LISTED RECORDS —
*** Begin section ***
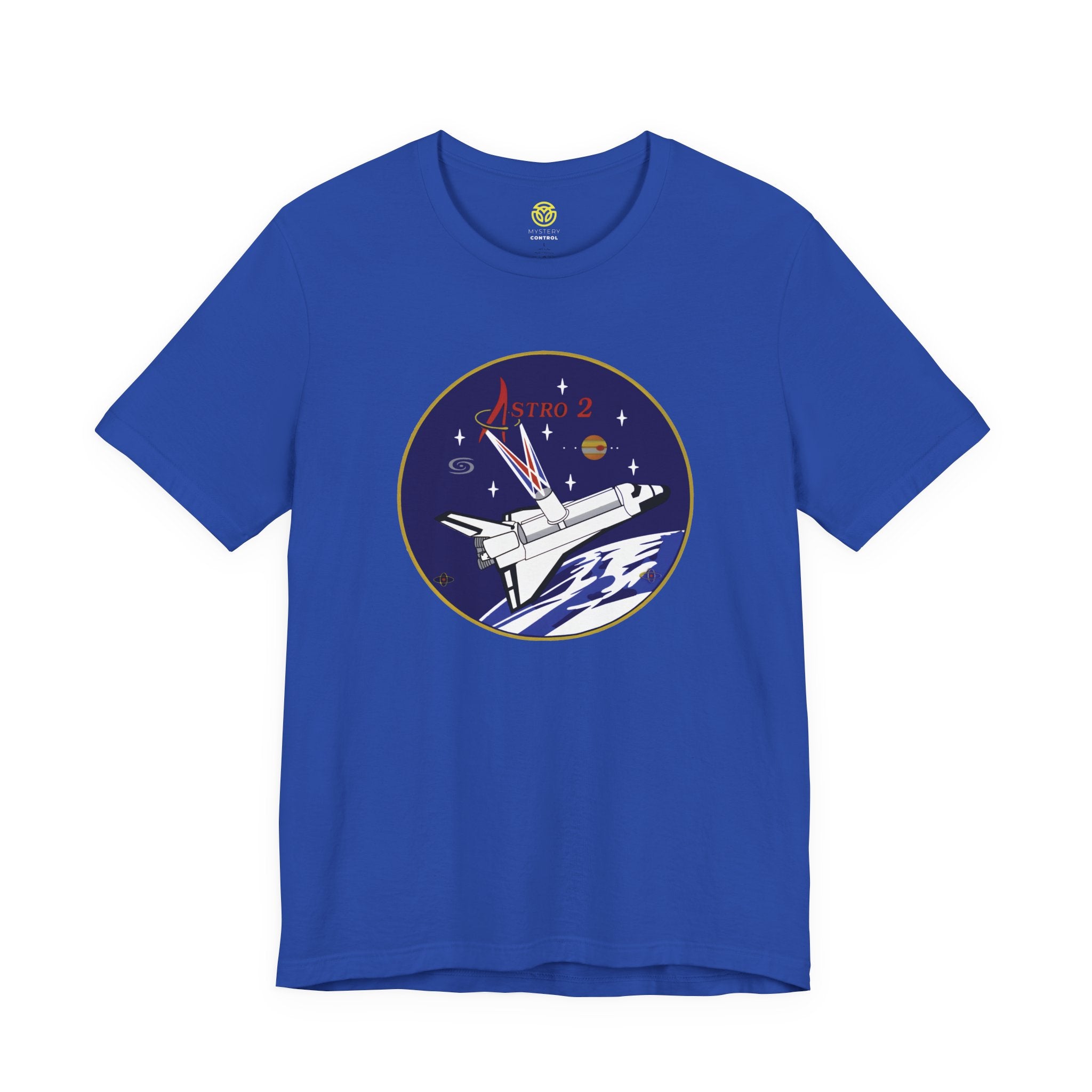 Astro 2 Ultraviolet Telescope Mission- Space Exploration Tee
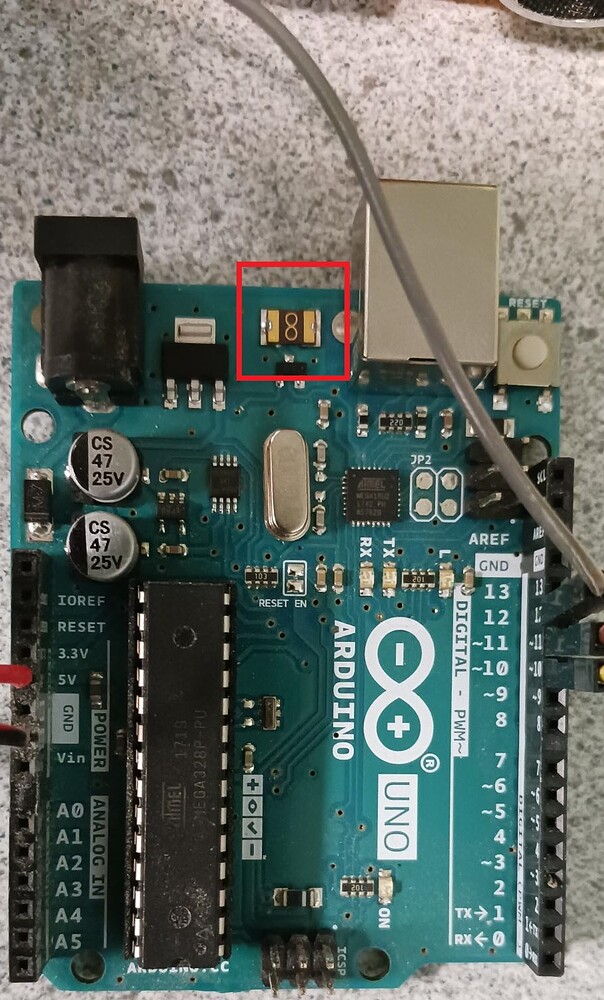 Uno not powering on? - UNO R3 - Arduino Forum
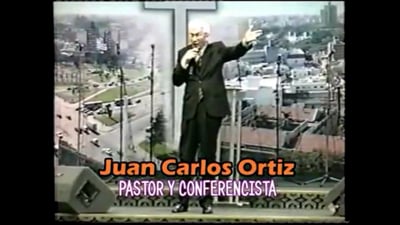 Juan Carlos Ortiz - Iglesia Mision Vida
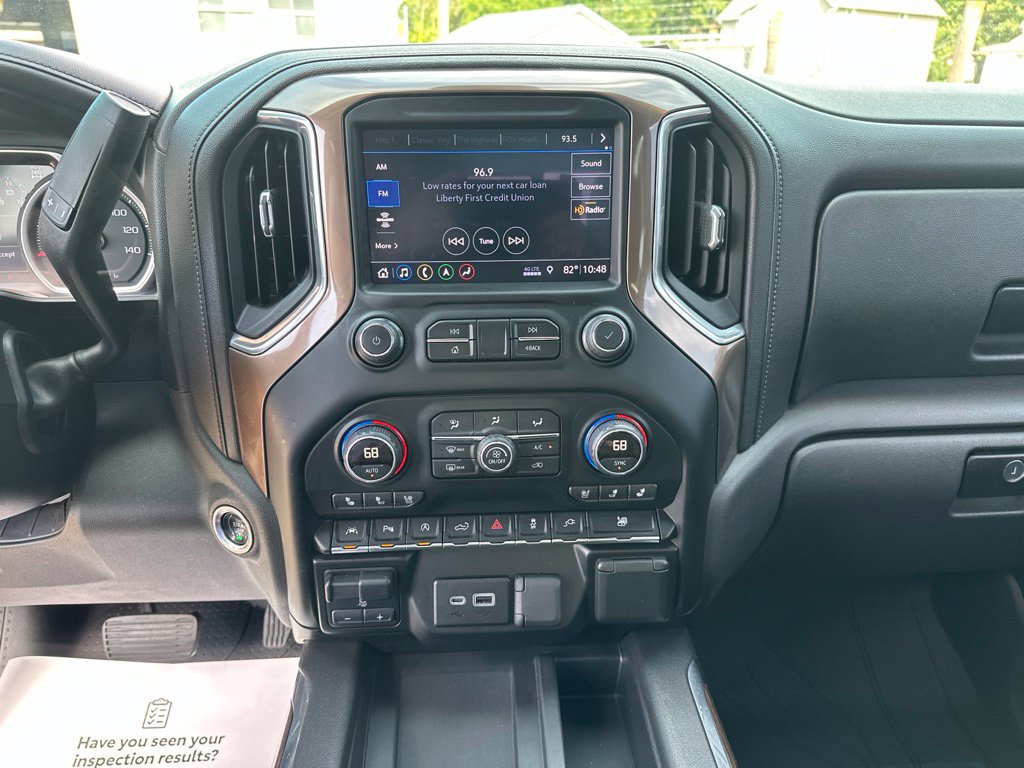 Used 2019 Chevrolet Silverado 1500 High Country AWD/4WD image 18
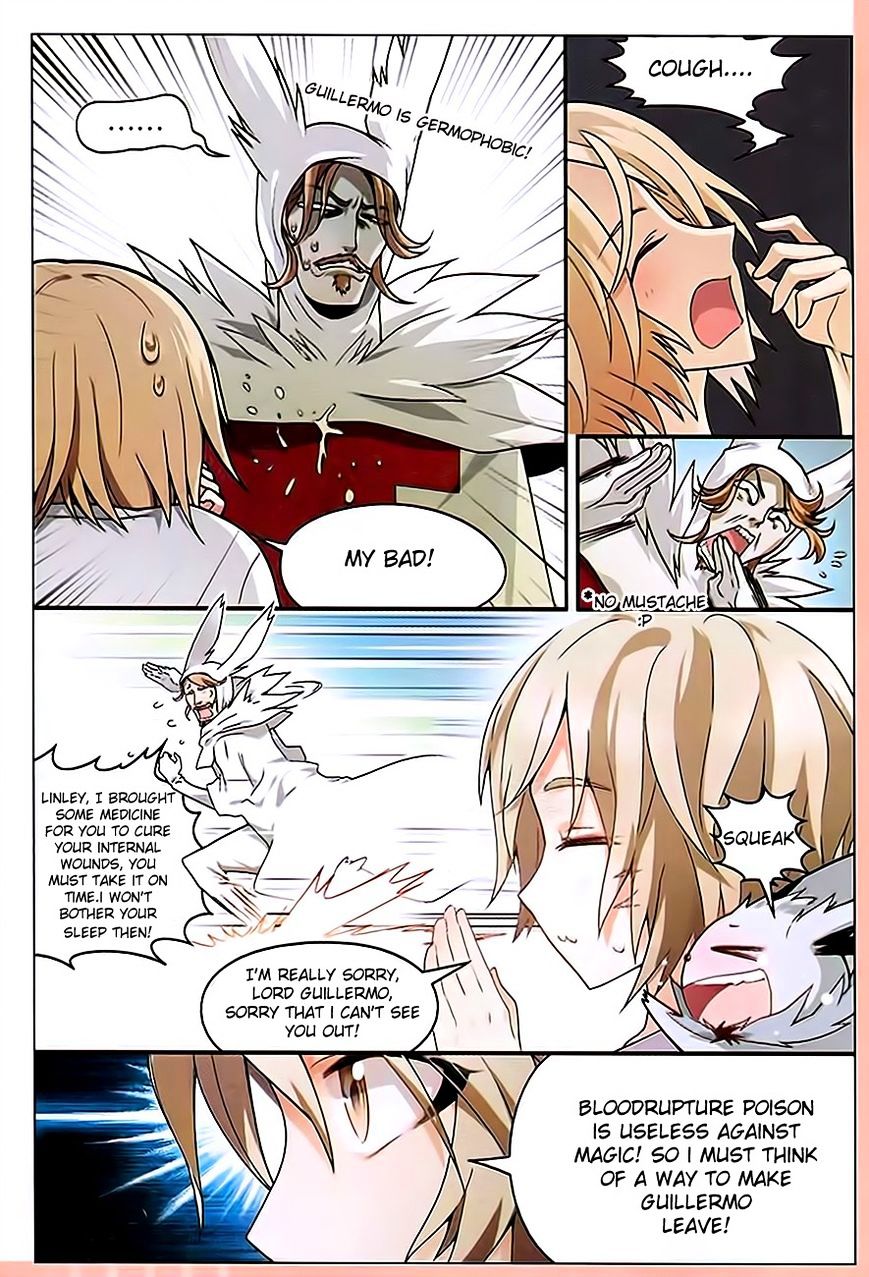 Panlong - Manhua Chapter 78 - page 7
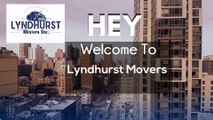 Moving Company Jersey City, NJ by Lyndhurst Movers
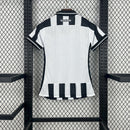 CAMISOLA FEMININA DO BOTAFOGO 25/26 PRETO E BRANCO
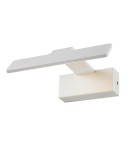 Kinkiety - ITALUX Corto Kinkiet LED zintegrowany 6W 3000K 420lm Biały MB1040S - product 1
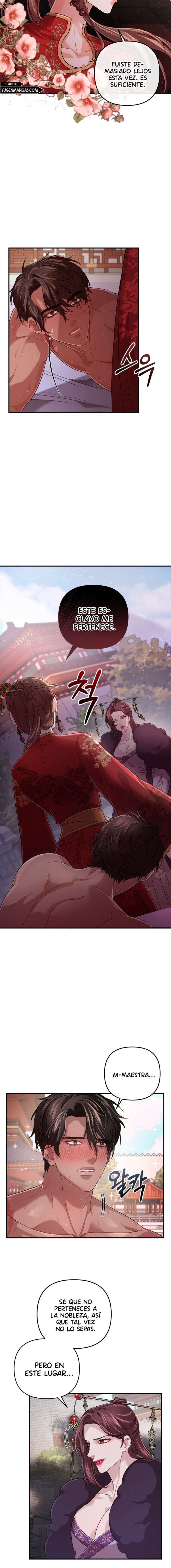 Acerca de la destrucción exclusiva Capítulo 9 - Page 8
*** End section ***
Every line above is to be duplicated exactly; no picture should be carried over.

 Astro 2 Ultraviolet Telescope Mission- Space Exploration Tee
 Uno not powering on? - UNO R3 - Arduino Forum
 Juan Carlos Ortiz - Iglesia Mision Vida
 Used 2019 Chevrolet Silverado 1500 High Country AWD/4WD image 18
 Panlong - Manhua Chapter 78 - page 7
 Moving Company Jersey City, NJ by Lyndhurst Movers
 CAMISOLA FEMININA DO BOTAFOGO 25/26 PRETO E BRANCO
 Kinkiety - ITALUX Corto Kinkiet LED zintegrowany 6W 3000K 420lm Biały MB1040S - product 1
 Acerca de la destrucción exclusiva Capítulo 9 - Page 8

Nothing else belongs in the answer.